Tatsächlich haben die (wechselnden) Mitglieder der AfD im Gemeinderat Quierschied von Juli 2019 bis Januar 2024 insgesamt „8270 Euro an Pauschalen und Sitzungsgeldern und zusätzliche Gelder in Höhe von 1080 Euro aufgrund ihres Fraktionsstatus erhalten“, teilt die Verwaltung
der SZ auf Nachfrage mit. Ob sie einen Teil dieser Summe – wie bei anderen Parteien üblich – ihrer Partei als Spende zukommen ließen, ist unklar: Becker war für die SZ für eine Stellungnahme nicht zu erreichen.

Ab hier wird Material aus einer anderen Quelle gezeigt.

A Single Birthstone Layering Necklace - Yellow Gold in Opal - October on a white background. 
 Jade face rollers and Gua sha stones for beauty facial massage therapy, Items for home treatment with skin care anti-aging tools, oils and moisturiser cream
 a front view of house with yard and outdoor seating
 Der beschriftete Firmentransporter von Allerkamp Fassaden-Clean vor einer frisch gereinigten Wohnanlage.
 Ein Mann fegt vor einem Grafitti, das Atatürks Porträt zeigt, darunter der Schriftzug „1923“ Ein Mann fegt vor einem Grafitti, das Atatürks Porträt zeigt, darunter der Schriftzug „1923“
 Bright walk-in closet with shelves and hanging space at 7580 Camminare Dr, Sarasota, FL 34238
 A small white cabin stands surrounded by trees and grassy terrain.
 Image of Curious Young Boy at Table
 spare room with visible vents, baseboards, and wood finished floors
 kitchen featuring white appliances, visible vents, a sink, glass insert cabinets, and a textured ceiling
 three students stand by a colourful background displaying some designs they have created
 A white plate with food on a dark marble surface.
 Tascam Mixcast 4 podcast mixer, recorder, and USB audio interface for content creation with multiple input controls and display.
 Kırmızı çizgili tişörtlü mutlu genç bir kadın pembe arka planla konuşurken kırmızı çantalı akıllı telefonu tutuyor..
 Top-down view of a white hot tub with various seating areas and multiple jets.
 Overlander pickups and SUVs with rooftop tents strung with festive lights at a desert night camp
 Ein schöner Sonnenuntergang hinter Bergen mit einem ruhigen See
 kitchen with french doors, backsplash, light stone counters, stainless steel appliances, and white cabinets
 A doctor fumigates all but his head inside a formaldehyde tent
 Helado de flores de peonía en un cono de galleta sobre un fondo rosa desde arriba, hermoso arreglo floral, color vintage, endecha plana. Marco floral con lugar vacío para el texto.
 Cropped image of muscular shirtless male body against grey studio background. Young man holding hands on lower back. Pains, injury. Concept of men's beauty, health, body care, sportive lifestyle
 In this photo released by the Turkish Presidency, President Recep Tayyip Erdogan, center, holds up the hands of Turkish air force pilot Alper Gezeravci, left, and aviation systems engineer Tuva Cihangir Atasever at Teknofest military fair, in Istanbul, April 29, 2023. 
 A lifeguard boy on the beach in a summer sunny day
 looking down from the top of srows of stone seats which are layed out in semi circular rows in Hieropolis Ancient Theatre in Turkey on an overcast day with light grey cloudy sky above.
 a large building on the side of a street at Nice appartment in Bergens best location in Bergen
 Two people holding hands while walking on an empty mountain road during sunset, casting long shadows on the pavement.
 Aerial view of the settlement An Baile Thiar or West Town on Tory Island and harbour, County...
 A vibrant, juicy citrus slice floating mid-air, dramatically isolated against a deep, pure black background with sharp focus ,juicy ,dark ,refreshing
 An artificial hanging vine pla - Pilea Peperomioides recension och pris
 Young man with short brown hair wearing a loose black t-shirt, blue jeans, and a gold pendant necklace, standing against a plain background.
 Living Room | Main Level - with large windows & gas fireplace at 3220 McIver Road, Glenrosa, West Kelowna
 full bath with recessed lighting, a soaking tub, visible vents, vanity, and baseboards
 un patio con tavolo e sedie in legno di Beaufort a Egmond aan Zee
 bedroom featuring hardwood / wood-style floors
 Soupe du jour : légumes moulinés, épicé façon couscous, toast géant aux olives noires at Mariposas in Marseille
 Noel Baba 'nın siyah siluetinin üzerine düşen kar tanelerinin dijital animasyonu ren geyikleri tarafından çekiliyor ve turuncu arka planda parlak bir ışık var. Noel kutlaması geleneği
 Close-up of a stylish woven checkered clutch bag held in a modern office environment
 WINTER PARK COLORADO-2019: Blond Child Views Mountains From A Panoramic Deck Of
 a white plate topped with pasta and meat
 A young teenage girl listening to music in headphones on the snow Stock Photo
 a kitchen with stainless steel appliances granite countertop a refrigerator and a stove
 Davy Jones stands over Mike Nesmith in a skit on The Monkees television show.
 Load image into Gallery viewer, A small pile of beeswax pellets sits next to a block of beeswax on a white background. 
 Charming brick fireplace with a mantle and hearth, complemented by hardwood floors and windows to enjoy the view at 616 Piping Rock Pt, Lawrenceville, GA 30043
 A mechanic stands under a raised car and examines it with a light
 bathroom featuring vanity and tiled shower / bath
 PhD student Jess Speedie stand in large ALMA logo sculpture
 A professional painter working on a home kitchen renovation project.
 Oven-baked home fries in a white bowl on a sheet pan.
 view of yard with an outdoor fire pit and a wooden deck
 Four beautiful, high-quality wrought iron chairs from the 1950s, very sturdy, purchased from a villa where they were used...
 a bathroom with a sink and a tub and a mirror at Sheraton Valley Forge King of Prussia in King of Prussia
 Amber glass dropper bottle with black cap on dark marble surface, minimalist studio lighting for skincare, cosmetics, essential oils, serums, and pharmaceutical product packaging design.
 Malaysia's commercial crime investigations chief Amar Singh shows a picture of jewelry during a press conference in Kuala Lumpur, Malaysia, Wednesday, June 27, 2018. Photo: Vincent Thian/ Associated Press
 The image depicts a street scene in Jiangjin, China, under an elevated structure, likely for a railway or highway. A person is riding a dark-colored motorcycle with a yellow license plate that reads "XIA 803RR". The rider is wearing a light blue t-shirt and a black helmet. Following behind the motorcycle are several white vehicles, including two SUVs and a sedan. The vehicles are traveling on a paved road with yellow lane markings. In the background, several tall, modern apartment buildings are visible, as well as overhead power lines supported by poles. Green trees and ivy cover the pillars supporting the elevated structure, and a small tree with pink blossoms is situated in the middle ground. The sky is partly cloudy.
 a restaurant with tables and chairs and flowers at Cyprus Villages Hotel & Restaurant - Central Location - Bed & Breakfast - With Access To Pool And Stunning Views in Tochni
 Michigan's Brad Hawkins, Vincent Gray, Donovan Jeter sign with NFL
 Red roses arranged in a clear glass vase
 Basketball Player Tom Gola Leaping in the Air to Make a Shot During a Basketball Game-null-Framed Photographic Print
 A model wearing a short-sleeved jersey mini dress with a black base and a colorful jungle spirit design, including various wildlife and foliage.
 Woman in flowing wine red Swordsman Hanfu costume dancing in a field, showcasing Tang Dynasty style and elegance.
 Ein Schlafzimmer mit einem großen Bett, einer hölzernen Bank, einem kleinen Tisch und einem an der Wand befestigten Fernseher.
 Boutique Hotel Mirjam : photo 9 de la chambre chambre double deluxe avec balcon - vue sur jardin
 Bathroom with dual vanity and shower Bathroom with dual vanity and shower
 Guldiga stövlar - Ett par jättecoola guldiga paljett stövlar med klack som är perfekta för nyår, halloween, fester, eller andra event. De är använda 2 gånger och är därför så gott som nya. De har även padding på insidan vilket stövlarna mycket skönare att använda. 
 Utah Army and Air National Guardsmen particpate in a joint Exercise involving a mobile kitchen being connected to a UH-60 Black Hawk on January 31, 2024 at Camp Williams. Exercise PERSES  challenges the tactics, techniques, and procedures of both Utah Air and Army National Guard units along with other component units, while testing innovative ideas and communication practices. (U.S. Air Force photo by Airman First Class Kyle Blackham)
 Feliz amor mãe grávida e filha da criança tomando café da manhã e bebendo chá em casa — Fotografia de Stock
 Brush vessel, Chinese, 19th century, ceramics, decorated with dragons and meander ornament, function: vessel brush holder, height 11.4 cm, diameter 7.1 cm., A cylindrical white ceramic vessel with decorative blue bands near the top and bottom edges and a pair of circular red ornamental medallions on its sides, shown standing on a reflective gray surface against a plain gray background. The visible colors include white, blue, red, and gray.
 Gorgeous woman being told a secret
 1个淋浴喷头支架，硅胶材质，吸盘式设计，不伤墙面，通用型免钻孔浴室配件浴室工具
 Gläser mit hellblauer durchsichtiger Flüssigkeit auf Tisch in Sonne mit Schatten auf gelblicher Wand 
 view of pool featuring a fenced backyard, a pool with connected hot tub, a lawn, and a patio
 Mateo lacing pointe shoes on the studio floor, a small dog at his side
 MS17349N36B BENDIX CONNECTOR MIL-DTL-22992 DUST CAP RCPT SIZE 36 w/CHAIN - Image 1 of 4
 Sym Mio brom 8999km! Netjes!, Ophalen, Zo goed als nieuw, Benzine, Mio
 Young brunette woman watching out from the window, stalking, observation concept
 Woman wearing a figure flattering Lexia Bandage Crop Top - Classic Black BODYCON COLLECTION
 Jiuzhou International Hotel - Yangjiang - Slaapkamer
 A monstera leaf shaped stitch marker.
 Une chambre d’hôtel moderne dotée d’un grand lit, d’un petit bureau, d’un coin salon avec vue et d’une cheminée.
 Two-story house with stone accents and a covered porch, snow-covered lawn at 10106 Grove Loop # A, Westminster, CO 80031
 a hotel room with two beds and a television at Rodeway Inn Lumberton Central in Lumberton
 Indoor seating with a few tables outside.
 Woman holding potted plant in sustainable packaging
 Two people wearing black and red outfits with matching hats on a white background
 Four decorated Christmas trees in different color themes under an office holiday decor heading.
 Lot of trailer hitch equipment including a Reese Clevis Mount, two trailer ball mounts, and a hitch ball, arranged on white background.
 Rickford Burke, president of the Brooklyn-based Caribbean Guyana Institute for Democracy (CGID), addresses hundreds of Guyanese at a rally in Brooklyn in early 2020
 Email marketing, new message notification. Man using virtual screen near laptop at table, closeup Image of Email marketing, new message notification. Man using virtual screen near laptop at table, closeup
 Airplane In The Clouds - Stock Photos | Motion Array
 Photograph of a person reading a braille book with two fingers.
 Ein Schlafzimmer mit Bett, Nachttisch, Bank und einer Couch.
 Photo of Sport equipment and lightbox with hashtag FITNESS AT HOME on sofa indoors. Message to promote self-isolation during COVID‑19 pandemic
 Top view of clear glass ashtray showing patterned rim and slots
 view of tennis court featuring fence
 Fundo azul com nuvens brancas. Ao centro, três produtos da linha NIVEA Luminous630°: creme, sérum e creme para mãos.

Ob Michel Dörr, der auch Vorsitzender des AfD-Kreisverbands Saarbrücken-Land ist, von der bisherigen Performance der AfD im Gemeinderat wusste und was er von der drohenden Sanktion gegen seinen Parteikollegen hält, ist ebenfalls unbekannt: Eine Anfrage der SZ ließ Dörr bis Redaktionsschluss unbeantwortet. Wie die Quierschieder Verwaltung der SZ auf Nachfrage allerdings bestätigte, habe Michel Dörr schriftlich mitgeteilt, dass er in Abstimmung mit seiner Fraktion – also Riko Becker – den Fraktionsvorsitz der AfD im Gemeinderat übernehme. Um eine Fraktion bilden zu können, müssen sich laut KSVG „mindestens zwei Mitglieder“derselben Partei oder „politischen Gruppierung mit im Wesentlichen gleicher politischen Zielsetzung“zusammenschließen. Neben der höheren Aufwandsentschädigung hat ein Fraktionsstatus noch einen weiteren Vorteil: Nur eine Fraktion darf Anträge in den Gemeinderat einbringen. Laut Auskunft der Verwaltung habe die AfD in Quierschied in der laufenden Legislaturperiode allerdings noch keinen einzigen Antrag eingereicht.